A. Anyone who’s a fan of hit reality TV shows such as “The Apprentice” and “Survivor” understands how navigating murky team dynamics enables a person to achieve individual success. Of course, work is hardly a reality show, but some of the same principles can apply.
Most companies are looking for good team players, experts say. As impressive as your individual accomplishments might be, employers are concerned with how a prospective worker will fit into their company—its culture and its people. In fact, a recent Stanford University study indicates that the one attribute successful business executives have in common is their ability to work well in a team (the other trait they all possess is their capacity to function well in a crisis).
“Teamwork is so important that it’s virtually impossible for you to reach the height of your capabilities or make the money that you want without becoming very good at it,” according to Brian Tracy, author of The 100 Absolutely Unbreakable Laws of Business Success. So if you’re concerned about personal success, make sure you’re a good team member, experts say. Following these tips can help.

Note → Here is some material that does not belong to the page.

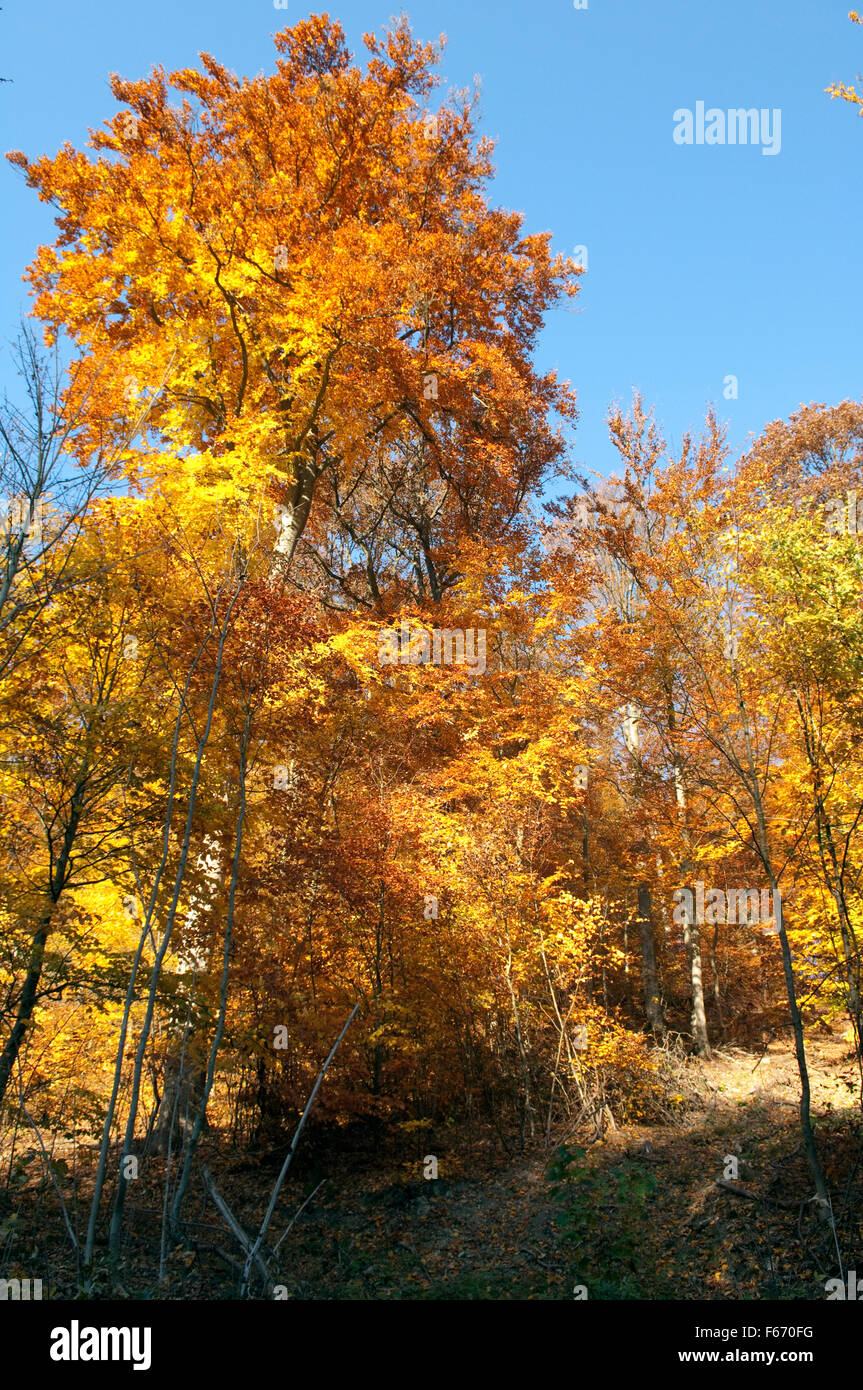 Buchenwald, Herbst, Herbstblaetter; Stock Photo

When you volunteer for or are asked to take on a role within a team, be responsible for your tasks and get them done right and on time. Consistency is key. If something goes wrong, take responsibility and don’t shift blame. This looks shady and irresponsible. Remember that other people are relying on you to do your part so they can do theirs.
Be Flexible and Helpful
Volunteer to pitch in and help others complete their projects if everything is good on your end. Your efforts and generosity will come back to you, says John C. Maxwell, author of The 17 Essential Qualities of a Team Player. “You cannot…help people and add value to them and think of them first without there being a major maximum return for you down the road,” according to Maxwell. “You don’t do it for that reason, but there is always a major reaping if the sowing is correct.”
Be a Good Listener
Good communications is a crucial part of any effective team, according to Kevin Eikenberry, author of Remarkable Leadership: Unleashing Your Leadership Potential One Skill at a Time. Therefore, good team members always try to improve their communication skills. “This pays off in their individual work and in enhancing the overall team’s effectiveness as well,” according to Eikenberry.
Be Positive and Upbeat
One naysayer really can drag down an entire group, so even if there’s a ton of work to be done or a thorny task to complete, stay committed to your collective goal of getting the project finished and don’t express negativity or doubt. And don’t backstab or gossip behind each other’s backs, since this destroys morale and distracts everyone from the goal. Effective team members provide a positive outlook to meetings and tasks, says Eikenberry. “They do what they can to improve morale. These things make good team members good followers. And good leaders.”
Seeing the Big Picture
As you may have already learned through your own experiences, work interactions provide a forum for both individual achievement and group accomplishment, but since many jobs involve some aspect of collaboration, it’s important to be conscious of your shortfalls and try to improve on them. After all, someday you may be the boss and will want others to follow your lead.